Meanwhile, Southpaw leads middling results for the other two new wide releases this week, scoring $16.7 million while the John Green adaptation, Paper Towns, managed only $12.6 million. The Paper Towns result sounds weak in comparison to the $48 million opening of The Fault in Our Stars last year, but the only comparison, really, is Green. The films are night and day in comparison of quality and most people I’ve talked to that have read both books are rather quick to praise “Fault” and dismiss “Paper Towns”, which seems to be, mostly, what happened this weekend.

On that note, I was a little curious as I sat, watched and hated Paper Towns, just who exactly the film was for. Well, it played to a 71% female audience and 78% of the overall audience was below the age of 25. I wonder how much of that 78% was below 16, because that movie didn’t have an ounce of “adult” to it.

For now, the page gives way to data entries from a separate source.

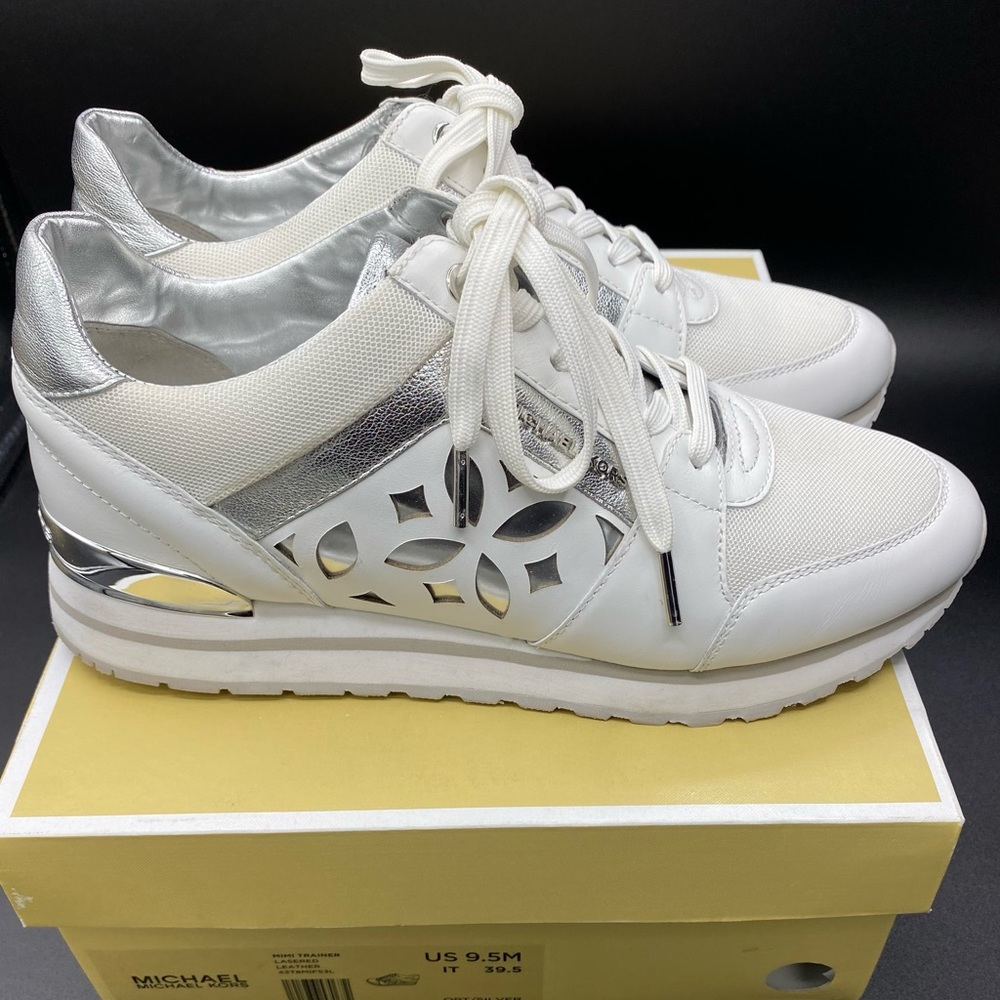 Michael Kors Mimi Trainer - size 9-1/2M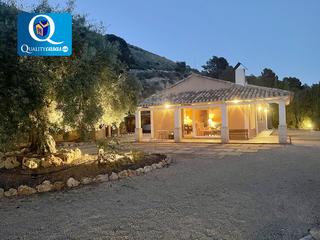 Xalet a Xixona. Chalet en venta en ameradores, 2 dormitorios.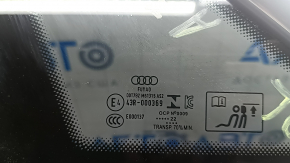 Форточка глухое стекло задняя левая Audi A3 22-26, царапины на молдинге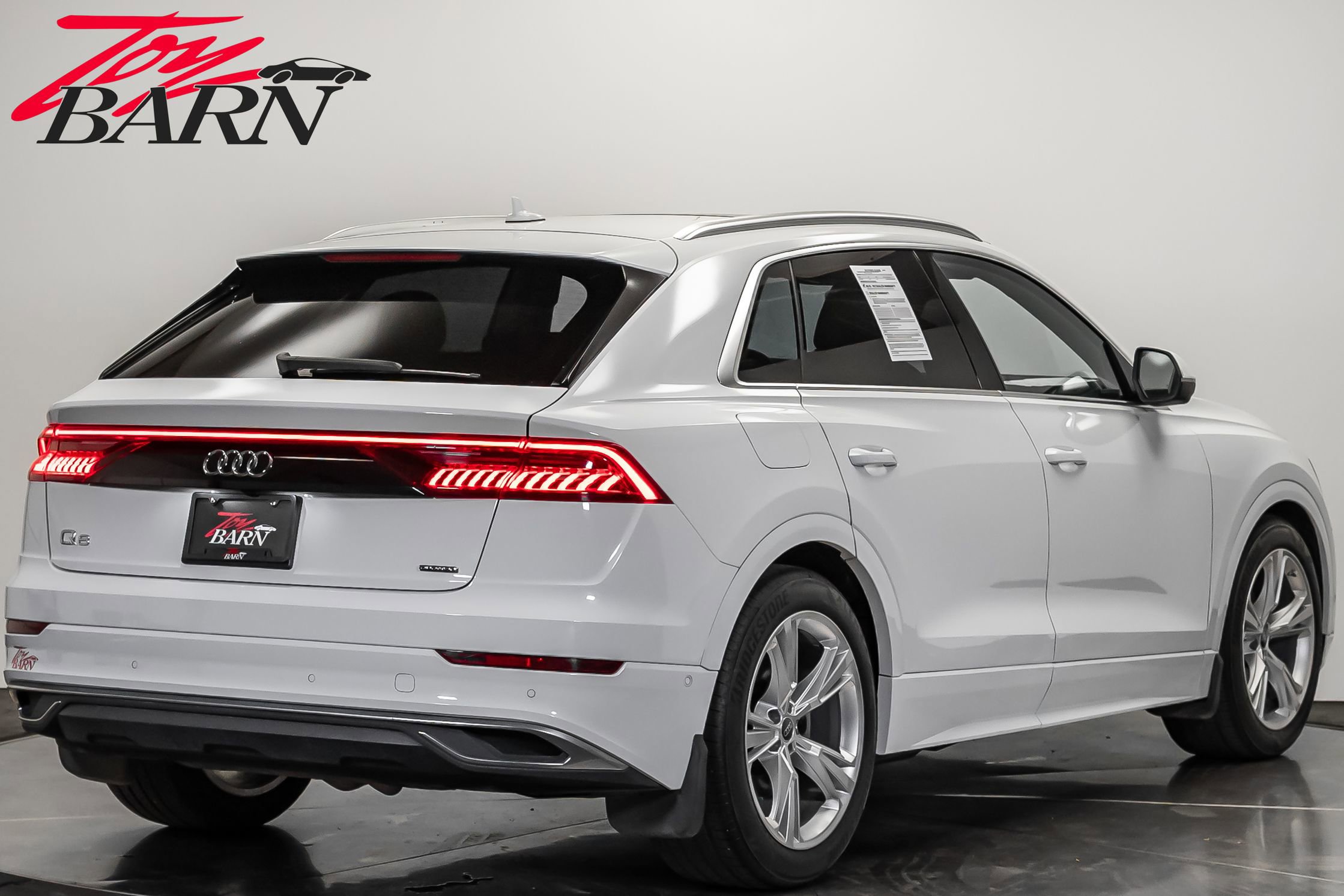 Used 2023 Audi Q8 Prestige image 5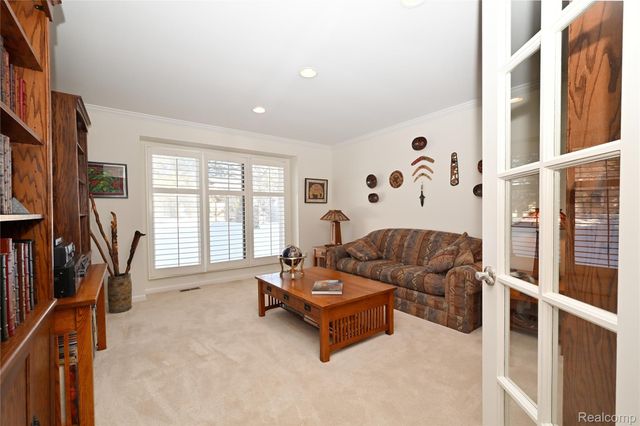 32095 SPRUCE Lane 50, Beverly Hills Village, MI 48025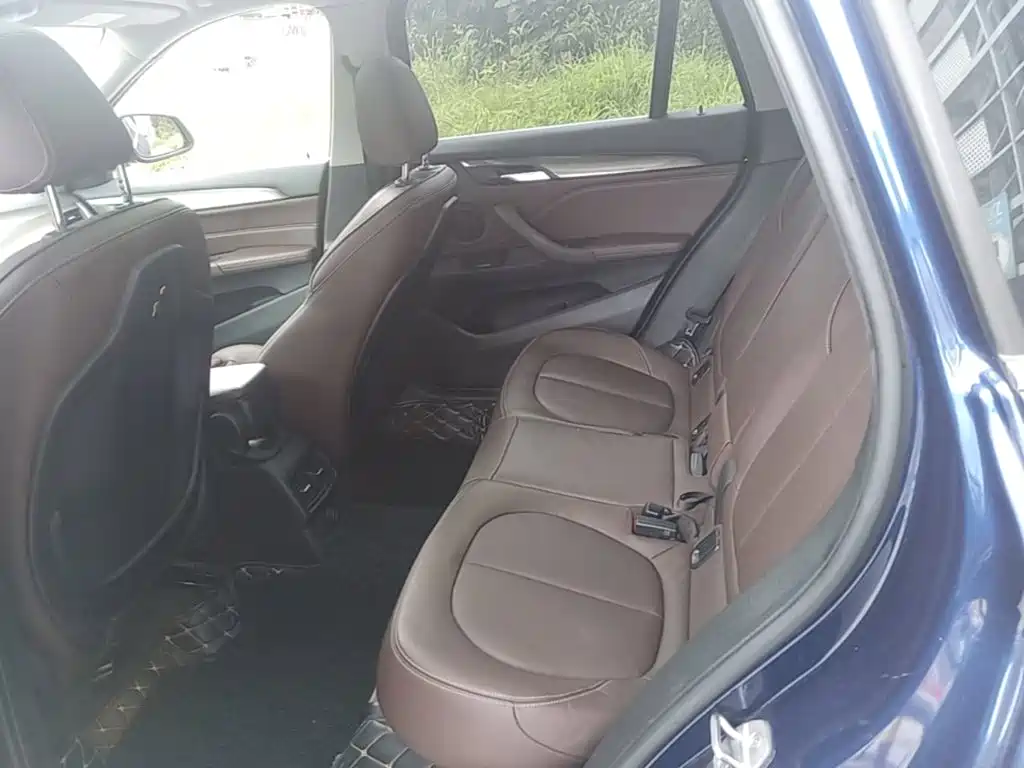BMW X1 — миниатюра 13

As for Southpaw, the $30 million budget helps that soft opening weekend look a little stronger. The “A” CinemaScore suggests it might have a slightly stronger than average holdover (though I’m not expecting much) and the “B+” for Paper Towns means it too will be out of theaters and forgotten soon enough, especially considering it made more than half its weekend total ($6.3m) on Friday. Made on a $12 million budget, however, this result isn’t a back breaker.

Outside the newcomers, Minions is still holding on well, dropping 55% for another $22.9 million, bringing its domestic total to $262.4 million (passing the original Despicable Me) as it approaches $800 million globally.

The bigger story, however, is Jurassic World, which had a sequel officially announced this week and has now to #3 on the all-time domestic gross chart with $624 million. This puts it just ahead of The Avengers ($623.3m) and $35 million shy of besting Titanic ($658.6m) for second place all-time on the domestic chart… not adjusted for inflation. Anyone see that coming?

Next weekend sees the release of Mission: Impossible – Rogue Nation, Vacation and the limited release of the very solid indie feature The End of the Tour. The weekend should be M:I‘s for the taking and early reviews suggest it’s solid. I’m seeing it tomorrow and will have the official report on quality soon enough.